The critical task now for President Joe Biden — as he mulls retaliation over the deaths of three Americans in an attack by suspected Iranian proxy forces in Jordan Sunday – is to prevent that region-wide war from tipping out of control.
It is indisputable that the United States is again embroiled in a war in the wider Middle East, less than three years after Biden officially decreed the end of a two-decade-long combat mission in Iraq that exhausted the US and caused deep political trauma.
It is also clear that the Biden administration’s effort to prevent an escalation is not working. US strikes against Iranian-backed militia throughout the region, which followed more than 160 attacks on American military facilities, did not deter Sunday’s drone strike. And missile and drone attacks against commercial shipping in the Red Sea haven’t stopped despite rolling US airstrikes against their launch sites and infrastructure in Yemen.
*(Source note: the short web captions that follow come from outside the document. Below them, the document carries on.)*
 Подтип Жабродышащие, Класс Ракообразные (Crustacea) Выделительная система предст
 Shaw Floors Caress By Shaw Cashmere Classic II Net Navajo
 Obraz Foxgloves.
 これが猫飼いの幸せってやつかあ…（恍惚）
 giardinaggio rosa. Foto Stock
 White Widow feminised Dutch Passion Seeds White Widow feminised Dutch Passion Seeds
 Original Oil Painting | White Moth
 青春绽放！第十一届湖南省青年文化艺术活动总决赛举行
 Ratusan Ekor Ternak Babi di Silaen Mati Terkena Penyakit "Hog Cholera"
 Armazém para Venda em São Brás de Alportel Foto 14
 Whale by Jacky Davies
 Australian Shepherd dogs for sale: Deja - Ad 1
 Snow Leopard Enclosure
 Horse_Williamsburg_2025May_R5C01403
So Biden has now arrived at the unenviable position that presidents often face when all potential options before them are bad and the very task of seeking to slow a deepening crisis may end up exacerbating it.
The catalogue of violence that has erupted outside Gaza – where tens of thousands of Palestinians have been killed after 1,200 Israelis died in Hamas terror attacks on October 7 – underscores the grave potential of the war.
— Hezbollah, a pro-Iranian group based in Lebanon, has been waging a low-grade war against Israel. On Monday alone, it said it had launched 13 attacks on targets in northern Israel. The Israel Defense Forces said that evening it carried out airstrikes on Hezbollah targets in Lebanon.
— Two months of Huthi attacks on Red Sea shipping have disrupted global supply chains and raised the cost of the cargo trade, risking a major economic impact. The US is leading a coalition of nations to protect trade.
— The US and Britain launched strikes against Huthi targets in Yemen this month and Washington has carried out multiple follow-ups. But even Biden has admitted that the strategy has not stopped Huthi attacks.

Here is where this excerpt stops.